• _Problem requirements_:
Find "Halloween Makeup Kit", then copy its line and every later line of the entries exactly through the end, leaving all pictures out.
** Records shown follows **
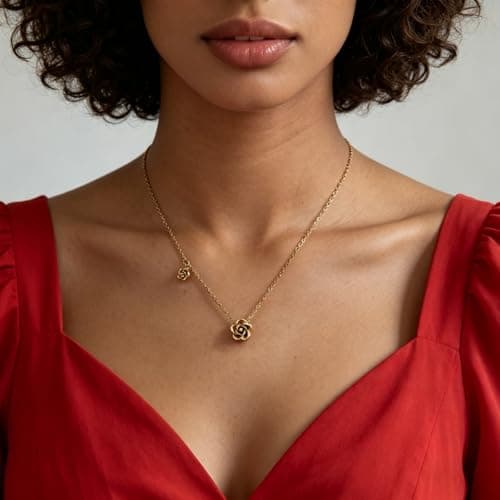 Orejorde Rose Flower Necklace, Cubic Rose Pendant Necklace for Women 2026 New Stainless Steel Dainty Floral Pendant Necklaces for Wife Girlfriend Daughter Sister Friends Birthday Mother`s Day Gift - Thumbnail 3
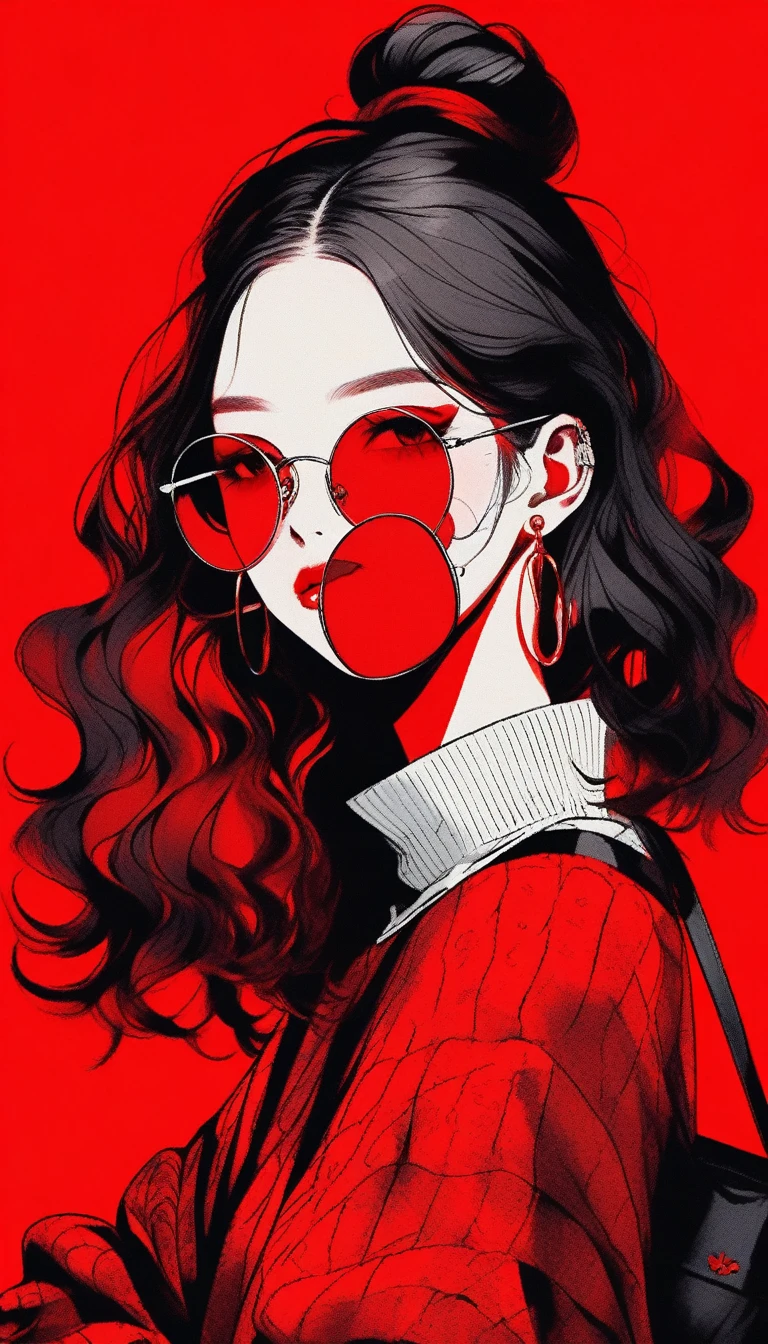 Illustrator, anime , Realistic ,sketch , 1 girl, ,lip, sweater,order, red gradient background, black and red Hair,Textured Trim, Canadian, (masterpiece,highest quality)two bun fashion Hair,sunglasses fashion ,smoking pipe,china dress,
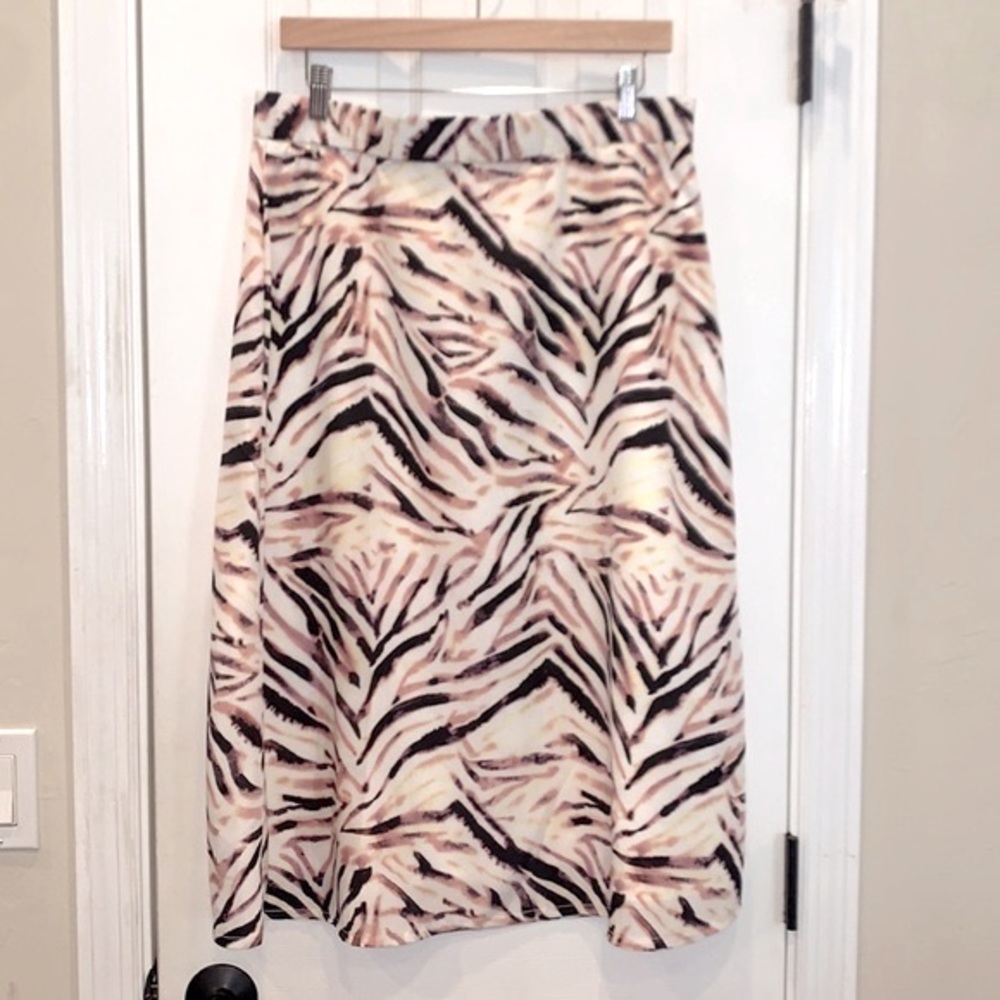 Kendall & Kylie Blush Midi Skirt Pink & Black Animal Print Skirt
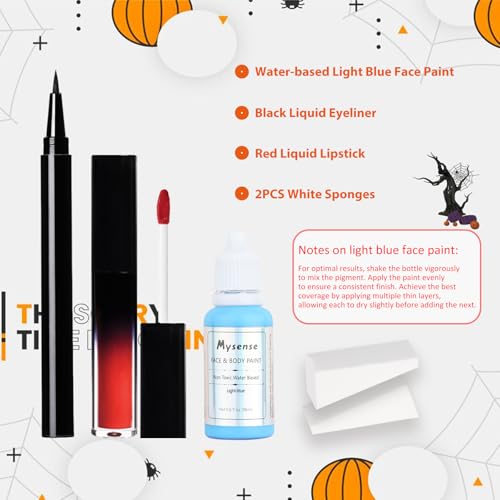 Halloween Makeup Kit for Corpse Bride Costume Women Girls - Light Blue & Accessories - Variation C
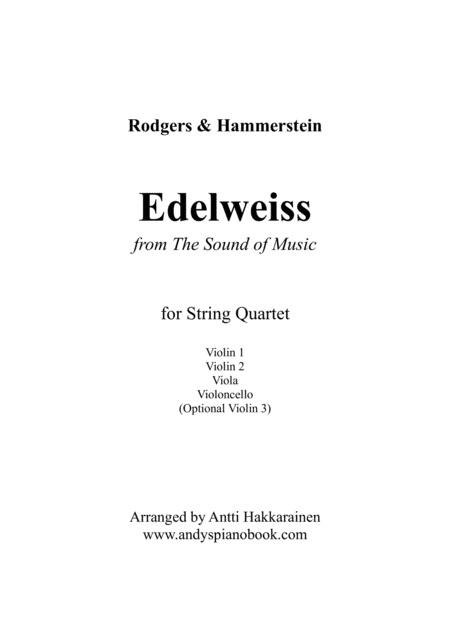 Edelweiss From The Sound Of Music String Quartet Sheet Music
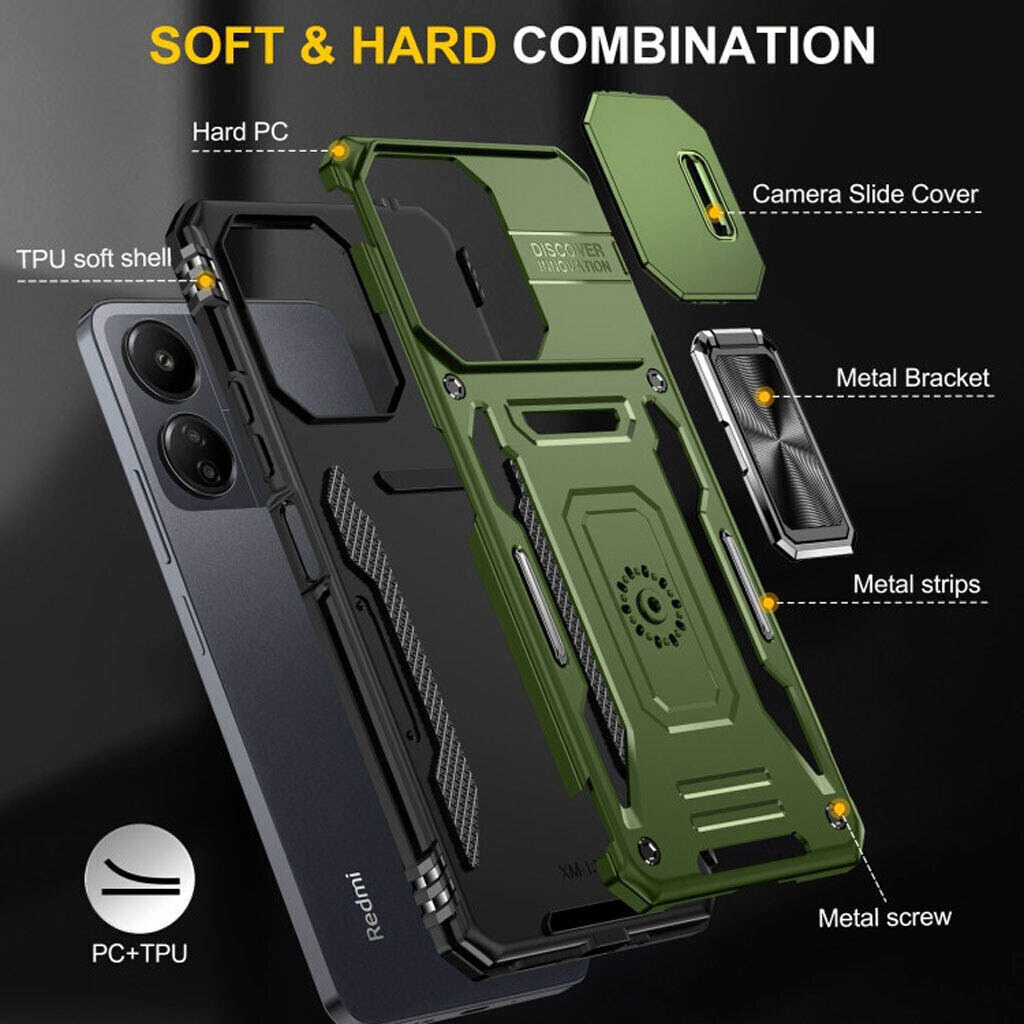Чехол (накладка) Xiaomi Poco M8 Pro 5G / Redmi Note 15 Pro Plus, Epik Camshield Army Ring, Army Green, Оливковый - № 5 Чехол (накладка) Xiaomi Poco M8 Pro 5G / Redmi Note 15 Pro Plus, Epik Camshield Army Ring, Army Green, Оливковый - № 5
** End of Records shown **
• _Task answer_:
 Halloween Makeup Kit for Corpse Bride Costume Women Girls - Light Blue & Accessories - Variation C
 Edelweiss From The Sound Of Music String Quartet Sheet Music
Чехол (накладка) Xiaomi Poco M8 Pro 5G / Redmi Note 15 Pro Plus, Epik Camshield Army Ring, Army Green, Оливковый - № 5 Чехол (накладка) Xiaomi Poco M8 Pro 5G / Redmi Note 15 Pro Plus, Epik Camshield Army Ring, Army Green, Оливковый - № 5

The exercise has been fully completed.